今回、マヤヤのパワーレベリング途中でオーガ系装備を作成しようと思ったのも、現在使っているレア金属製の重装鎧よりは軽く、しかも防御性能は上がるといった良いことずくめの公開データを、“改めて”知った故である。
最初にその情報を知ったのは、クエストを受けて燃えに燃えてた始めも始めの頃。そして挫けて、改めて確認した五年後の今日の情報。過去のバージョンアップの何処かで仕様変更があったのか、現在でも最強装備に近いデータとして内容が変更されていたのであった。しかも、軽く使用者の情報を集めようとしたら、未だ誰一人として、オーガ系装備を所持していると公言するプレイヤーはいなかった。
装備作成に必要な素材が、入手難易度や必要個数を含めて尋常じゃあないとはいえ、そこまでとは予想していなかったトキヤだ。
「『鬼の心玉』、レアドロップ過ぎて、本当に集まんなかったものなあ」
クエストを受けた最初の頃の一ヶ月間、素で“心玉”と“心臓”を読み間違え、普通にドロップする『鬼の腑』のカテゴリーでの心臓を可能な限り集めまくった。666個の必要個数まで後百個という時、ふと、ようく目を凝らして確認し誤読に気づいた。そして一週間は落ち込んだ。そういう曰わくもある素材である。
マヤヤのパワーレベリングを始めて、最初のオーガから“心玉”が2個ドロップし、クエストを思い出すと同時に『ラッキー』と喜んだ。ストレージの心玉の数は498個。これは『ついでに少し集まればいいか』と、そんな余裕の気分でいたのだが、意外にも異様なペースでドロップするようになっていた。昔の記憶ならば一日中狩っても3~4個のペースが、今日に限ってはオーガ一体から最低1個、多ければ4個もドロップし続けたのである。
フリーでドロップするならばパーティーメンバーでランダムに割り振られるのだろうが、鬼の心玉に限ってはオーガ装備のクエストを受けてない者にはドロップすらしない。同じジョブであるイワオがクエストを受けていたのなら、トキヤ同様にドロップしたのかもしれないが、このてのドロップは当人にしか確認インフォメーションが流れないので確認しようがない。
逆に言えば、トキヤがこの素材を集めているのも仲間は知らないだろう。可能性のあるイワオを除き、であるが。
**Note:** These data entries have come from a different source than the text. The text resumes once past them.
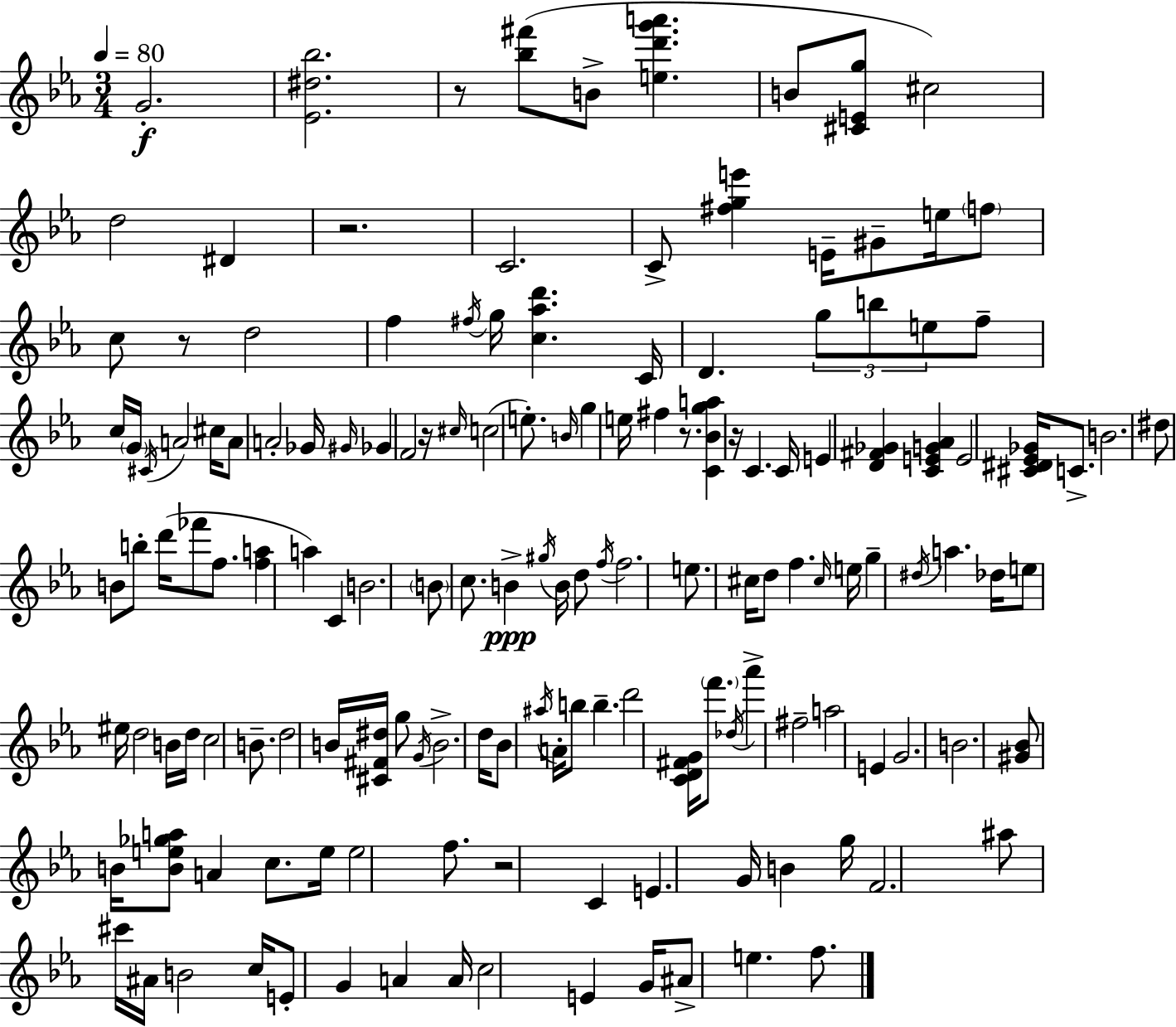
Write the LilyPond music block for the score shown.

{
  \clef treble
  \numericTimeSignature
  \time 3/4
  \key c \minor
  \tempo 4 = 80
  g'2.-.\f | <ees' dis'' bes''>2. | r8 <bes'' fis'''>8( b'8-> <e'' d''' g''' a'''>4. | b'8 <cis' e' g''>8 cis''2) | \break d''2 dis'4 | r2. | c'2. | c'8-> <fis'' g'' e'''>4 e'16-- gis'8-- e''16 \parenthesize f''8 | \break c''8 r8 d''2 | f''4 \acciaccatura { fis''16 } g''16 <c'' aes'' d'''>4. | c'16 d'4. \tuplet 3/2 { g''8 b''8 e''8 } | f''8-- c''16 \parenthesize g'16 \acciaccatura { cis'16 } a'2 | \break cis''16 a'8 a'2-. | ges'16 \grace { gis'16 } ges'4 f'2 | r16 \grace { cis''16 }( c''2 | e''8.-.) \grace { b'16 } g''4 e''16 fis''4 | \break r8. <c' bes' g'' a''>4 r16 c'4. | c'16 e'4 <d' fis' ges'>4 | <c' e' g' aes'>4 e'2 | <cis' dis' ees' ges'>16 c'8.-> b'2. | \break dis''8 b'8 b''8-. d'''16( | fes'''8 f''8. <f'' a''>4 a''4) | c'4 b'2. | \parenthesize b'8 c''8. b'4->\ppp | \break \acciaccatura { gis''16 } b'16 d''8 \acciaccatura { f''16 } f''2. | e''8. cis''16 d''8 | f''4. \grace { cis''16 } e''16 g''4-- | \acciaccatura { dis''16 } a''4. des''16 e''8 eis''16 | \break d''2 b'16 d''16 c''2 | b'8.-- d''2 | b'16 <cis' fis' dis''>16 g''8 \acciaccatura { g'16 } b'2.-> | d''16 bes'8 | \break \acciaccatura { ais''16 } a'16-. b''8 b''4.-- d'''2 | <c' d' fis' g'>16 \parenthesize f'''8. \acciaccatura { des''16 } | aes'''4-> fis''2-- | a''2 e'4 | \break g'2. | b'2. | <gis' bes'>8 b'16 <b' e'' ges'' a''>8 a'4 c''8. | e''16 e''2 f''8. | \break r2 c'4 | e'4. g'16 b'4 g''16 | f'2. | ais''8 cis'''16 ais'16 b'2 | \break c''16 e'8-. g'4 a'4 a'16 | c''2 e'4 | g'16 ais'8-> e''4. f''8. | \bar "|."
}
ともかく、今日倒したオーガが92体。ドロップした心玉は268個。あっという間にノルマを達成してしまい、これまでの長かった苦労は何だったのかと、過去のトキヤ自身に問いたい気分なのてあった。
そんな複雑な心境で、五年ぶりにクエストを受けたドワーフの店の暖簾をくぐる。
「おう、トキヤか。どうだ! 見事素材は集められたか!?」
さすがNPC、そんな長期の放置プレイも関係なく、つい昨日、クエストを発注したかのように『オーガ装備』の流れを再開した。
「この街の連中は“ステンレス”だ“ミスリル”だ“デーヤモンド”だと鉱物素材じゃなきゃあ武器じゃねえみてえにほえるがよ、ワシに言わせりゃ、んなもん小せえ事に拘るだけの皺ばっかり多い縮みフ●リみてえな馬鹿共の──」
長々と装備の蘊蓄とハブられ愚痴をたれるドワーフ店主を余所に、すっかり忘れてしまった過去のクエストログを確認するトキヤである。
「えっ!?」
そして、仕様変更に伴い、微妙に変更されていたクエスト内容に、少々唖然とするのであった。